Several frescoed motifs were identified in the fragments of painted plaster, on the basis of which the first classifications were made.
On the contrary, figurative stuccoes were treated as standing elements during restoration, disconnected from other stucco fragments or from other sections. Such finds generally consisted simply in the modeled part, as they had broken off from the preparatory layers. For this reason the choice was made to approach the finds as single elements, and display them as such in the museum.
Following the initial cleaning, by analyzing the peculiarities of the single fragments, associations were made that proved essential in finding analogies useful to place the fragments next to one another. The search for joins made it possible to assemble the finds, forming islands of joined fragments that gave a glimpse of the phase preceding collapse.
Many features were studied in order to identify the characteristics of the whole and, in a broader perspective, of the decorative apparatus of the Villa. These included iconographic motifs, incisions, preparatory layers, mortar characteristics, details of the rear sides and general deterioration typologies.

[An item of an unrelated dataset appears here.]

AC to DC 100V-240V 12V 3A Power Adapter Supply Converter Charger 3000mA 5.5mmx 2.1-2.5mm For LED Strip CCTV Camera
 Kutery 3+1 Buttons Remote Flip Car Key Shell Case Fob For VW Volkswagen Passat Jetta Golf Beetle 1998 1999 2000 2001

At the start of the project we thought we were confronted with fragments of an apse, the presence of which was confirmed by the Villa’s layout. Today we know that it was not an apse but a cupola, or rather many cupolae.
The recomposed cupolae are two domes resembling a spherical cap, with perfect central symmetry and an octagonal base, approximately 65 cm in diameter and 40 cm in depth that show the same decorative typology: a velarium, a curtain, that almost recalls the presence of a skylight.
Once the search for joins was complete, the mounting process revealed itself to be just as arduous from a structural and executive point of view. Challenges were posed by fractures that did not correspond perfectly, by vast missing areas and extensive lacunae.
A carbon fiber structure capable of sustaining the cupola’s 50 kilos was developed, as support functional to museum display.
The ceiling’s hypothetical reconstruction displayed in the Museo della Città of Alghero is based on the proximity of the two cupolae inscribed in octagons, of the winged figure inscribed within a rhombus and of the modular decoration inscribed in a rectangle.
The combination of frescoes in the ceiling was, and remains, a hypothesis, and as such it proposes a whole that is not definitive and leaves space for new reflections. Our hope is to have succeeded in the intent to hand over to the Museum visitors not only the reconstructed finds but also the many reflections that those finds provoked and will provoke in the future. An image of the site, transformed into a window in the proposed museum display, marks the will to “leave an open window”, as an admonishment and metaphor for future archaeological investigations.